Wednesday, September 25, 2019

For the corridor system to work, the Fed needs a seigniorage contract

A sudden interest-rate spike highlights two contradictory Fed trends
American financial markets went for an interesting ride last week. A particular market that specializes in providing banks and firms with short-term cash was hit by an unexpected squeeze last Monday. Interest rates in that market briefly quadrupled to 10 percent by Tuesday morning. That jump bled into the Federal Reserve's target interest rate, driving it up to the very top of the range the Fed is currently targeting.
It was an exceedingly weird momentary panic that's had Fed-watchers talking since. And it highlights how two basic trends in Federal Reserve monetary policy have evolved since the 2008 crisis — and how they just ran headlong into one another.
Before the Great Recession, the Fed relied on a "corridor system" to target interest rates. The central bank bought and sold U.S. Treasuries with the major banks, and those exchanges moved reserves — the foundational layer of money the Fed creates and pumps out to backstop the financial system — in and out of the banking system. By changing the overall supply of reserves in the banking system, the Fed could exert upward or downward pressure on the interest rate banks charged each other for reserves.
The thing is, for the corridor system to reliably function, the Fed had to keep the overall supply of reserves on a short leash.

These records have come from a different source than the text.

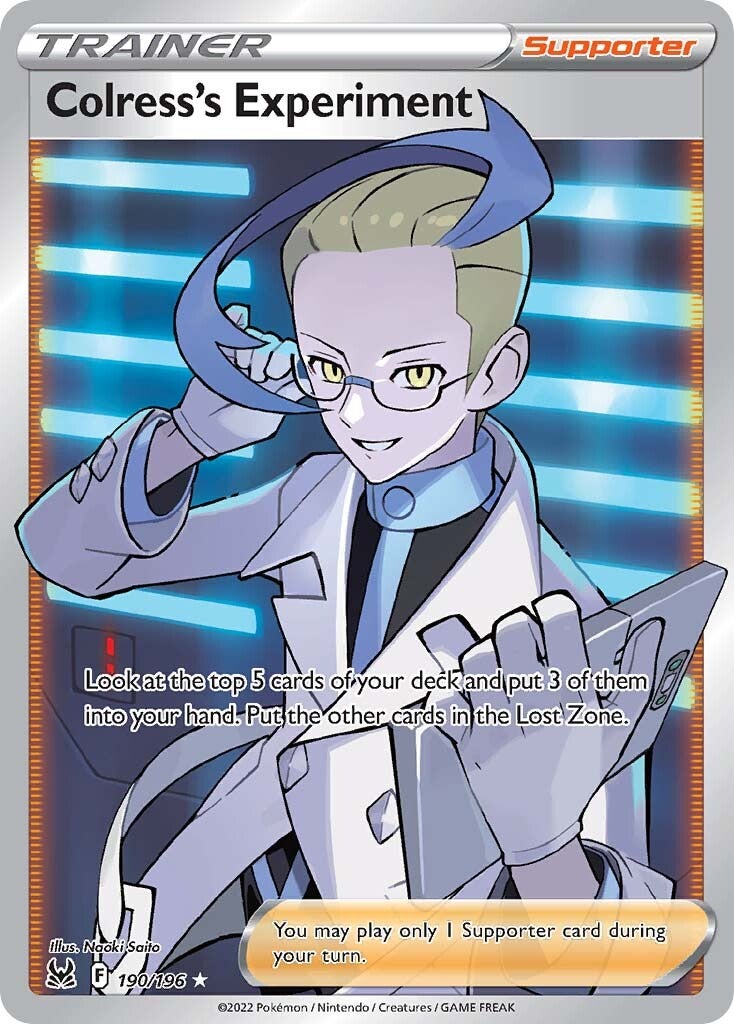 Colress's Experiment (190/196) [Sword & Shield: Lost Origin] | Dragon's Lair Comics and Fantasy Houston TX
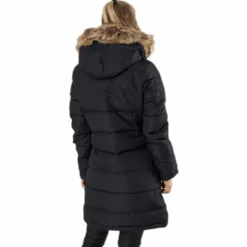 Paranaque Long Down Parka Jacket Black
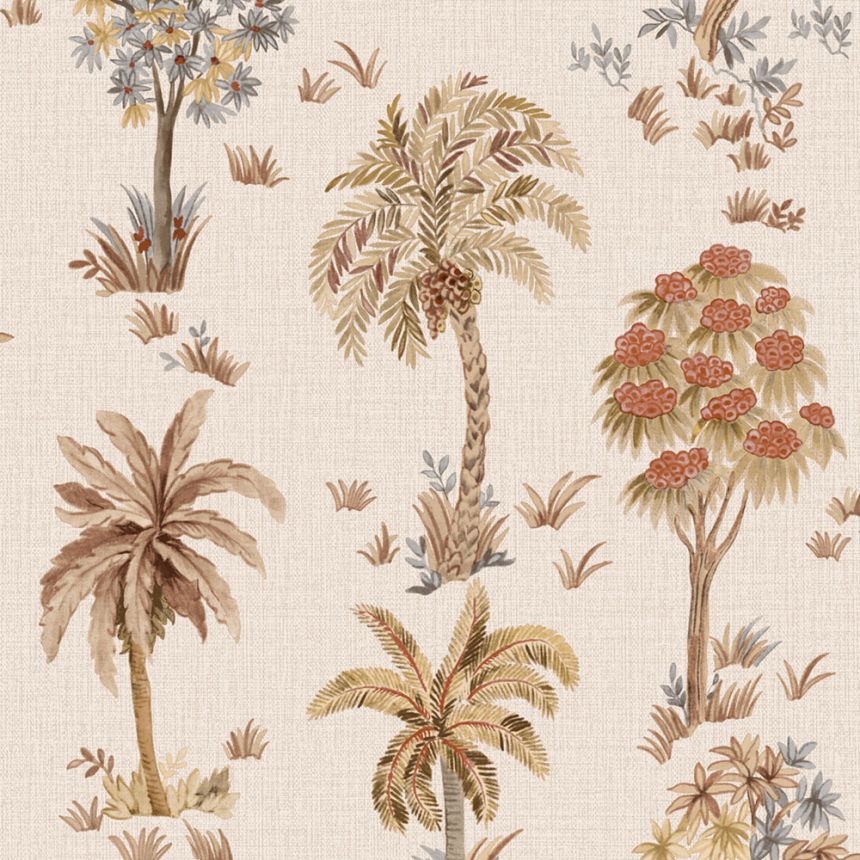 Luxus tapéta, bézs, fák, Z70715, Marrakech, Zambaiti Parati
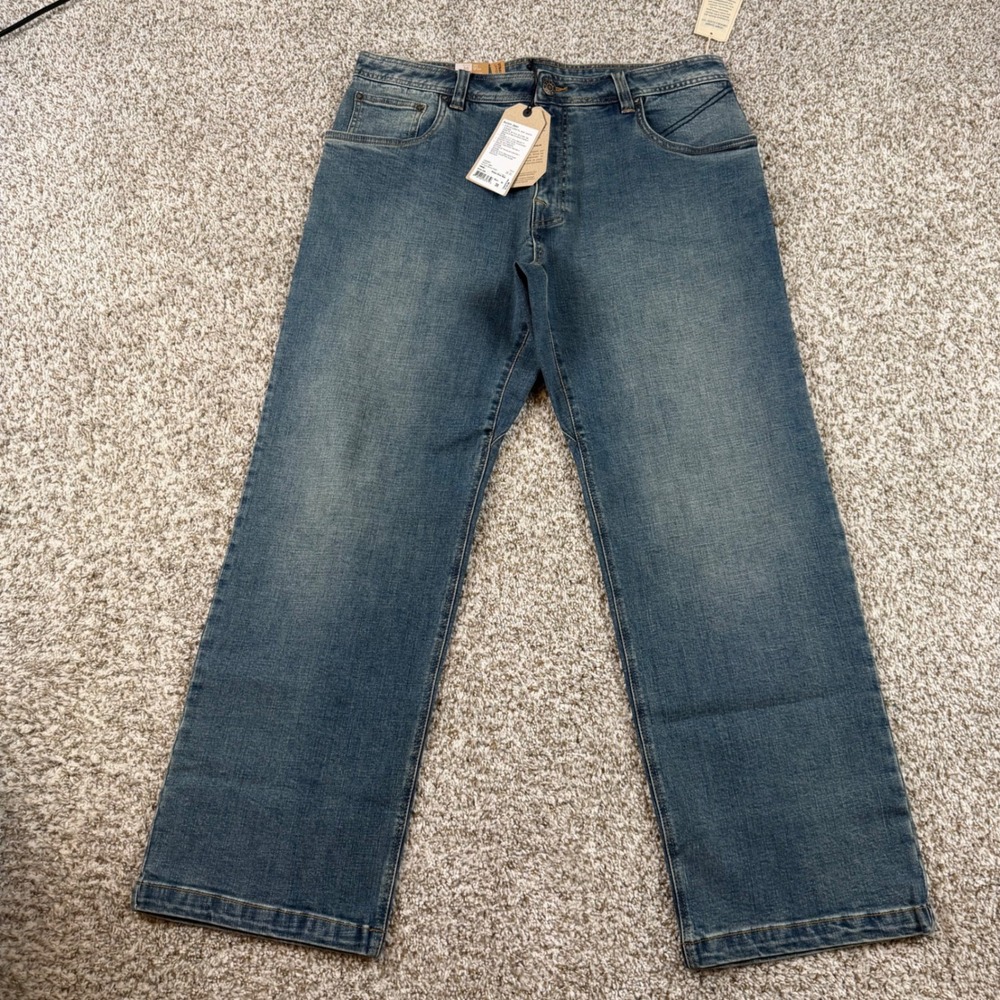 Prana Axiom Jean Mens 36x30 Antique Stone Wash Organic Cotton Straight Leg NEW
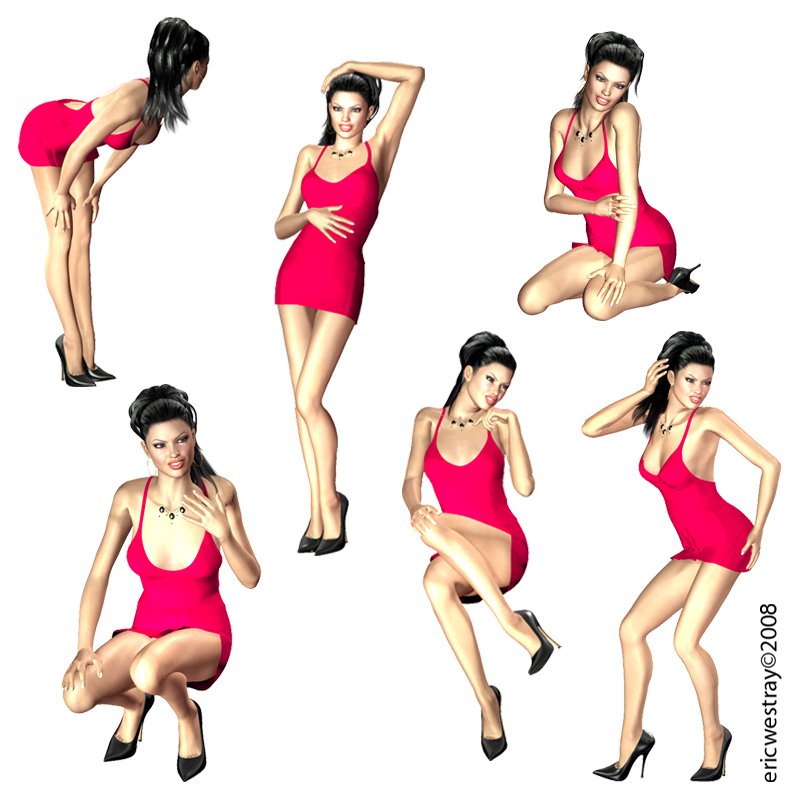 20 Party Girl Poses for V4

When the 2008 crisis hit, the Fed flooded the banks with reserves to shore them up; that increase drove the interbank lending rate to permanent zero, effectively wiping out the corridor system's functionality.

A pure corridor system works. Our corridor system worked fine until government debt threatened the Fed.  To get back to pure corridor, the Fed needs a long term contract with Congress over the seigniorage issue so the liquidity state of federal programs can be exposed to the liquidity market.

The contradiction is deeper than stated, but solvable.